I have yet to buy anything because I don’t want to carry it (except for bags of peanuts, bottles of water, and the odd boiled egg).
You can have your pilgrim’s compostela stamped for free at the cathedral, but it costs four Euros to tour the sacred spaces.
We ignored the little voice that urges you to hoof it along the camino, cutting such stops short or avoiding them altogether so you can clock up the k’s. That’s why we’re ‘the back mob’ and are the last to arrive at our nightly destinations.
Tui’s cathedral is worth exploring, with its many nooks, gardens, and grand architecture. But what caught my eye were the displays of votive candles.
I’m a sucker for a church candle.
Traditionally you pop a coin into the donation box and light one with a match, praying for someone or for an answer to something vexing.
Nowadays (in Spain, anyway) your coin ignites an LED candle. I light one and say a prayer for a friend, whose partner has died recently.
Then on we go, overnighting in O Porrino before pressing on for Arcade, where we will spend the night at the Hotel Duarte.
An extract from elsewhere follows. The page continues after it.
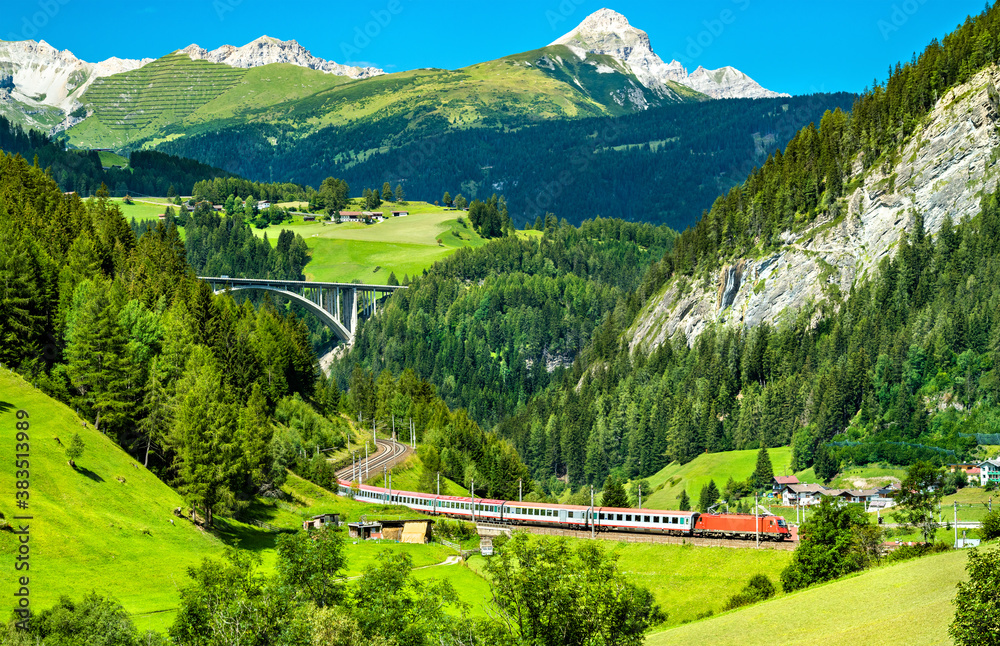 Passenger train at the Brenner Railway in the Austrian Alps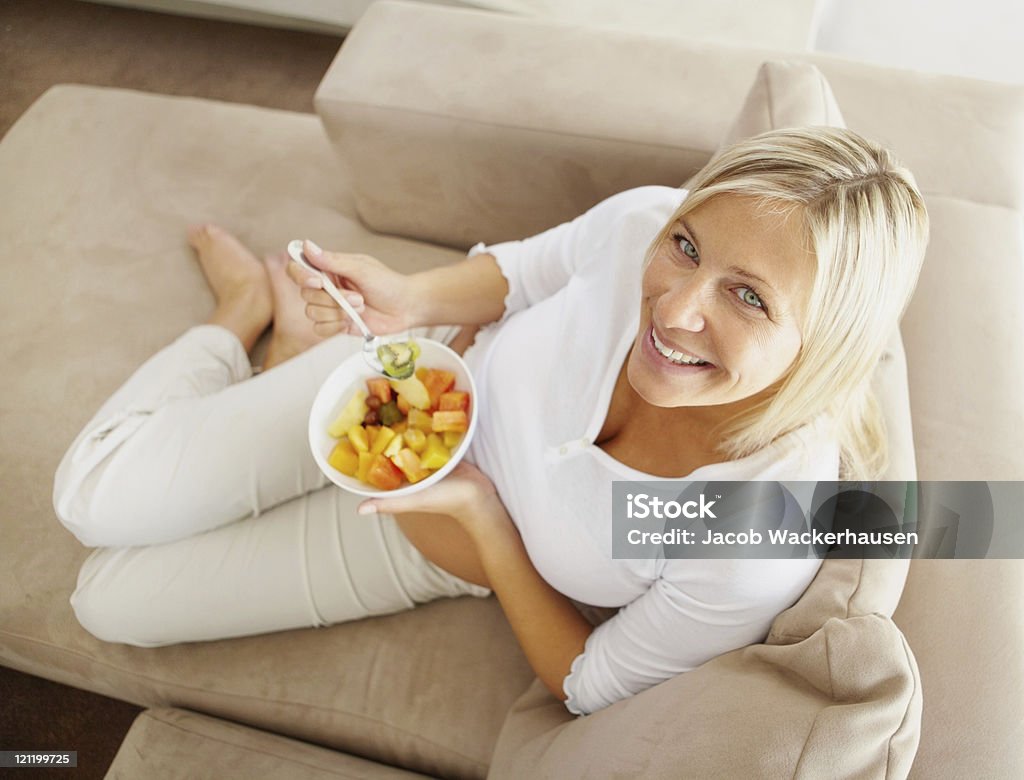 Vista dall'alto di una donna matura rilassante sul divano mangiando - Foto stock royalty-free di Mangiare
I am in the van with Antonio, catching up with work and preparing for an afternoon visit to Sanitas Vigo. While searching for the others, who we’re collecting from the camino to join us in the van, Ruth and I pop into the Church of Santiago to shelter from the grim rain.
Beneath the statue of the Madonna I put a Euro coin into the box containing several dozen red votives.
Because the cost of one candle is only 20 cents, a row of five candles fires up, casting a rosy glow onto the Virgin’s sculpted cheeks.
At the next votive box I slot a two Euro coin into the donativo slot in remembrance of the many people (alive and dead) I have been thinking of along the Camino Portugues.
The nun has been cleaning massive, elaborately decorated pillar candles to set out in the church.
There is celestial music playing in the vestry.
Had we not been having time out from walking, had we not got lost while searching for the others, we would have missed our ‘camino moment’ in the little church.
I have learned that not every camino moment is about walking. And that you don’t have to walk every step of the camino to be a pilgrim.
Bill Bennett, our tour leader, who does walk every step of the camino, might say that’s a copout.
But he doesn’t have the prettiest stamp of the camino so far in his passport, from the little nun at the Parroquia De Santiago church of Redondela.